Première
par Gérard Delorme
Dans "Sin City" la bien nommée, Marv tente de rassembler ses esprits ; un jeune flambeur défie Roark, le sénateur véreux, au poker ; Dwight McCarthy retrouve la perfide Ava Lord ; Nancy Callahan cherche à venger la mort de son protecteur... Il y a neuf ans, Robert Rodriguez était l'un des premiers à expérimenter en indépendant la prise de vues numérique sur fonds verts pour adapter la bande dessinée de Frank Miller. L’expérience a été un succès, même si le bilan artistique a divisé. Aujourd’hui, dotés d’outils encore plus performants, Rodriguez et Miller remettent le couvert avec un résultat similaire, à la fois spectaculaire et discutable. Les familiers de la BD et du film retrouveront sans surprise la plupart des personnages. Seul Johnny, joué avec conviction par Joseph Gordon-Levitt, a été inventé pour l’occasion.
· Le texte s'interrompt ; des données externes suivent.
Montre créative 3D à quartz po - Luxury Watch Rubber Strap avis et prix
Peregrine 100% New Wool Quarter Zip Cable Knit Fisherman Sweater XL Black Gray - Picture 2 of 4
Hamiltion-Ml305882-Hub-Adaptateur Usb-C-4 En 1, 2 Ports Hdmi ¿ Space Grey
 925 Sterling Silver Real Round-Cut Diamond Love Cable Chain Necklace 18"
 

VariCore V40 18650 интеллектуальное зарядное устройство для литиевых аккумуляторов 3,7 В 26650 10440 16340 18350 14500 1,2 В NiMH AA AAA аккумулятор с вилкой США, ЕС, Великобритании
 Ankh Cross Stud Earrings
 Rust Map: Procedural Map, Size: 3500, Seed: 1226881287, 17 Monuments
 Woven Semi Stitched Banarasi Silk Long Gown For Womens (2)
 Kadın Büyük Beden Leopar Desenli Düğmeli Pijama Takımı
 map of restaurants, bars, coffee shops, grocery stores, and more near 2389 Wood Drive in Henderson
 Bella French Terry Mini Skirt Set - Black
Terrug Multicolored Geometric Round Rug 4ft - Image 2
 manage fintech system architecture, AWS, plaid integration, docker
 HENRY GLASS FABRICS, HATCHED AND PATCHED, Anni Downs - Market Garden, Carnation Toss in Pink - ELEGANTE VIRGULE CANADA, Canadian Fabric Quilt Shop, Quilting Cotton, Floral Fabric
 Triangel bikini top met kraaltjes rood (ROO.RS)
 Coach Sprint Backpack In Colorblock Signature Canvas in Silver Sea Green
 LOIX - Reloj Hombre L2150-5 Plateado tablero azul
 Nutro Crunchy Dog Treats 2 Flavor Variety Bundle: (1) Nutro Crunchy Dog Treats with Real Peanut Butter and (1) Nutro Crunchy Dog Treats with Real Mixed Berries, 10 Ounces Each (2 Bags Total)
Sachant qu’ils travaillaient seuls sur un plateau vide la plupart du temps, les acteurs sont pourtant bien mis en valeur et insufflent par ailleurs une belle vitalité à un film potentiellement confus en raison de sa structure épisodique et morcelée dans le temps. Certains chapitres sont des prequels, comme celui où Eva Green (fracassante) martyrise Josh Brolin, qui reprend le rôle de Clive Owen. D’autres sont des suites, comme celui où Jessica Alba cherche à se venger. Seul Marv (Mickey Rourke), apparemment inaltérable, fait le lien entre le passé et le présent. Faute de liant, le film donne trop souvent l’impression d’aligner les vignettes, laissant au spectateur le soin de reconstituer le tableau dans son ensemble. Graphiquement, c’est très fort, mais en termes de rythme, de mouvement et de continuité, il y a encore des progrès à faire. Autrement dit : trop de BD, pas assez de ciné.